Dès lors, Roger Waters n’a eu de cesse de briser la chape de plomb du silence, rejoignant les rangs du mouvement BDS (Boycott, Désinvestissements, Sanctions), dont il est l’un des plus fervents avocats. Membre du Tribunal Russell sur la Palestine, qui a récemment recommandé aux Nations unies de réinstaurer le Comité spécial contre l’apartheid afin de dénoncer les pratiques d’Israël envers les Palestiniens, Waters, l’activiste pro-palestinien, a accusé le gouvernement de Netanyahu d’être un régime d’apartheid sur le site The Electronic Intifada, insistant sur les similitudes saisissantes avec les pires moments de l’apartheid en Afrique du Sud.
Si les ambassadeurs de la politique conduite par Israël sont légion, les partisans de son boycott sont aux abonnés absents dans le showbusiness, une désaffection à laquelle compte bien remédier Roger Waters en sensibilisant, dans une lettre ouverte, ses pairs de l’industrie de la musique à la cause palestinienne.
C’est également par écrit que l’ex-auteur-compositeur des Pink Floyd a réussi à ouvrir les yeux au géant de la musique Stevie Wonder, en l’appelant à ne pas se produire lors d’une soirée de bienfaisance, le 6 décembre 2012, organisée par "les amis des Forces de Défense d’Israël". "Je lui ai dit que s’il donnait ce concert, ce serait comme jouer lors du bal de la police à Johannesburg, le lendemain du massacre de Sharpeville en 1960. Ce ne serait pas une bonne chose à faire, d’autant plus qu’il est investi d’une noble mission par l’ONU : celle de prêcher la paix.

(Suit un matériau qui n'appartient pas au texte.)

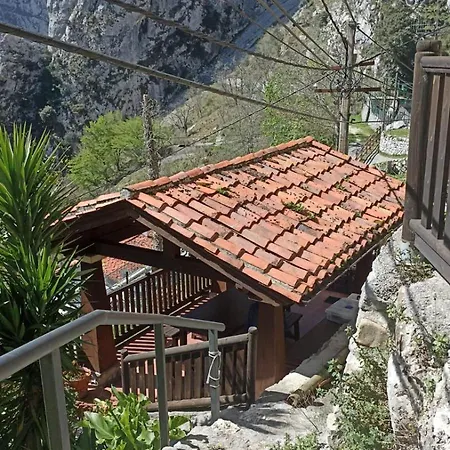 El Portal Del Abuelo Arenas De Cabrales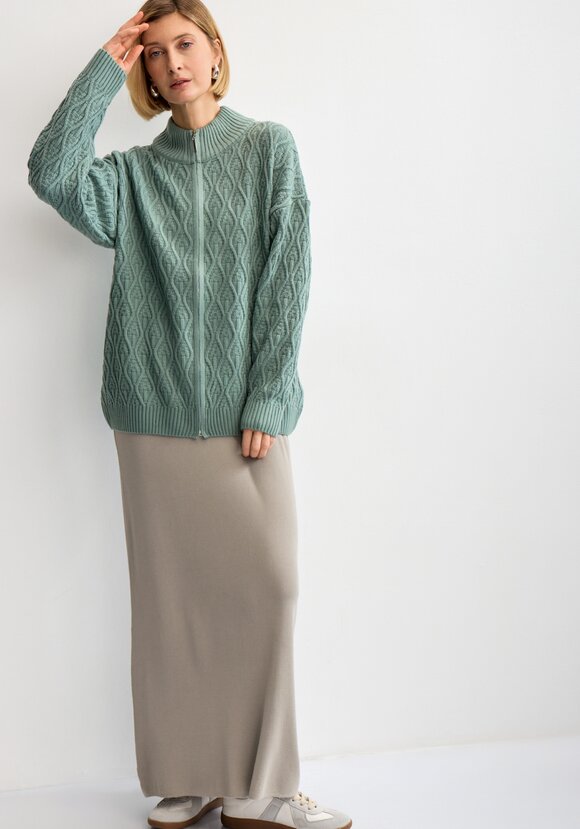 Кардиган на молнии с вязкой в виде ромбов шир.  580, рис. 2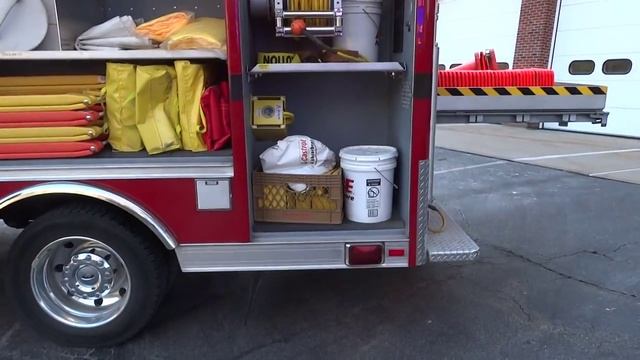 2006 Ford F-550 4x4 . Light Rescue Hackney смотреть онлайн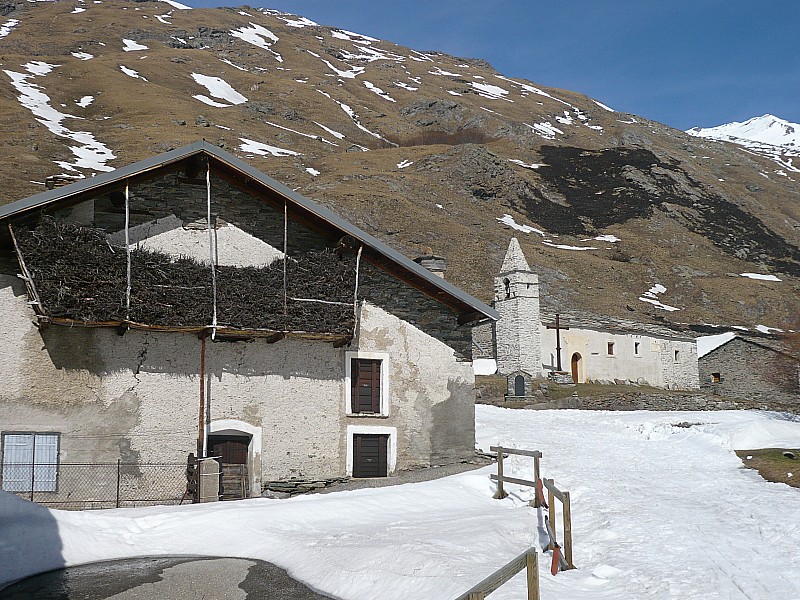 Pointe du charbonnel : village d'avérole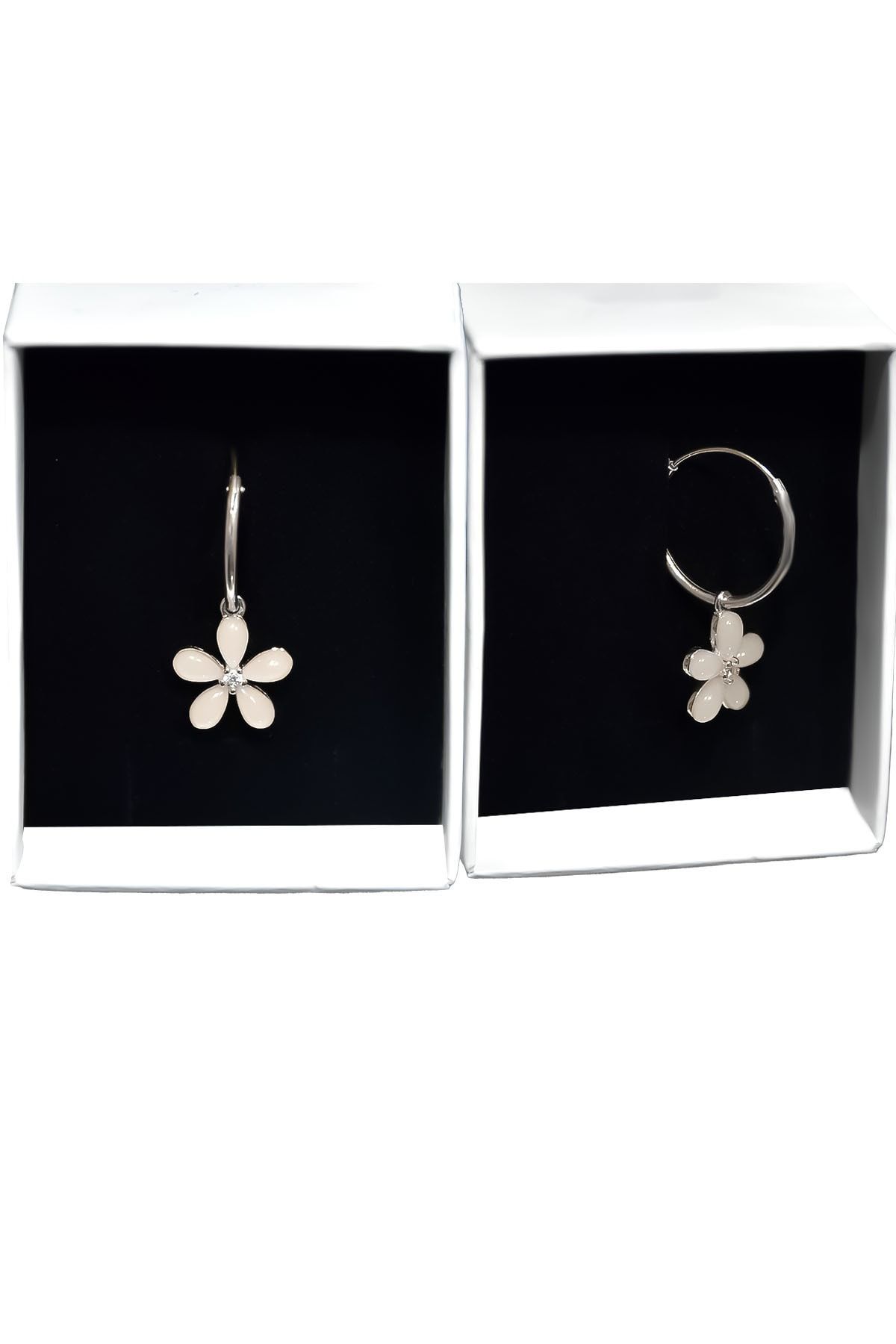 925 Ayar Gümüş Rodyum Kaplama Ay Taşlı Yasemin Çiçeği Halka Küpe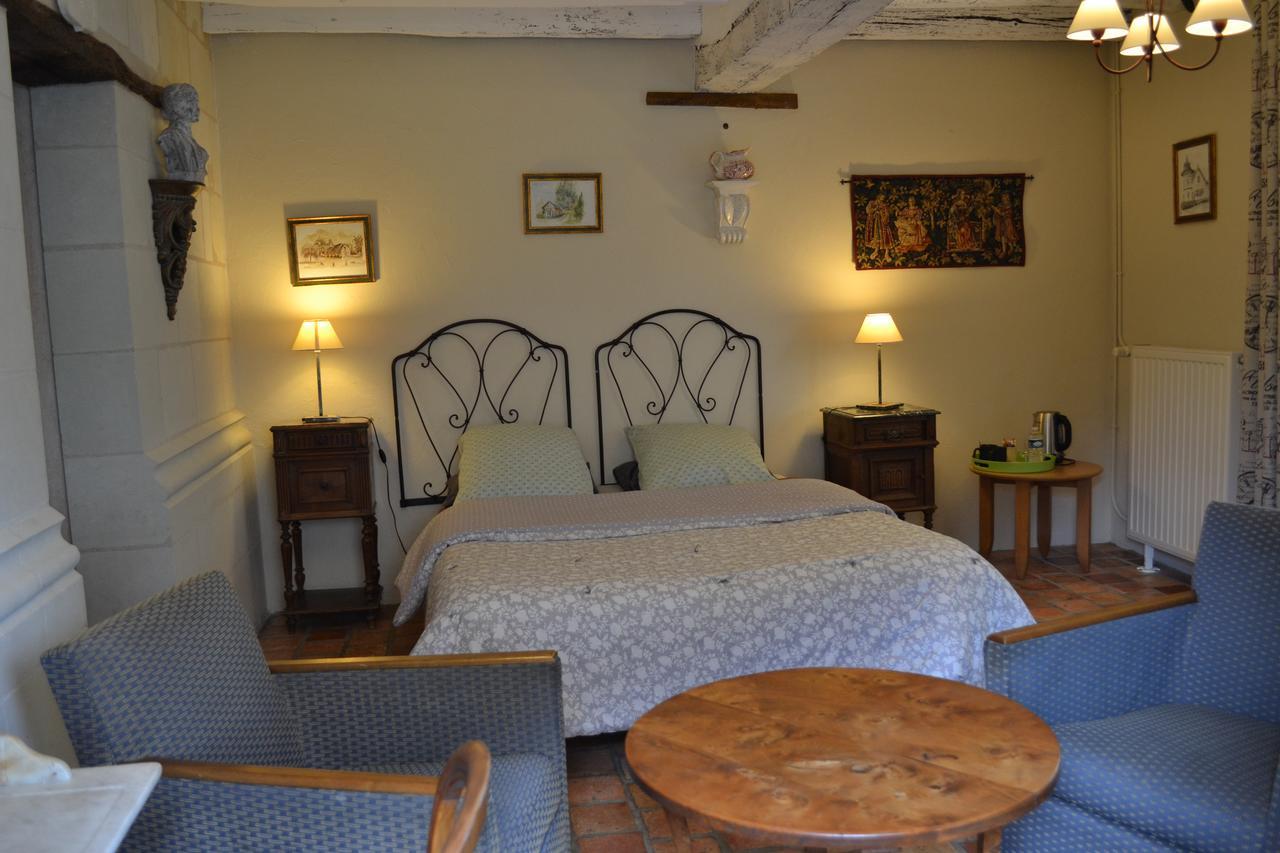 مبيت وإفطار Les Bois-d'Anjou Maison D'Hotes La Chouanniere المظهر الخارجي الصورة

Je ne suis pas le seul à avoir tenté de le dissuader, Desmond Tutu l’a interpellé dans ce sens, de son côté", a déclaré Roger Waters, tout en déplorant vivement que le revirement de Stevie Wonder, qui a choisi d’annuler son concert, ait été passé sous silence dans un black-out médiatique toujours aussi assourdissant.
Il n’y a guère que l’omerta qui se fasse écho par-delà les océans, dès que l’on ose égratigner le vernis de la "seule démocratie du Proche-Orient".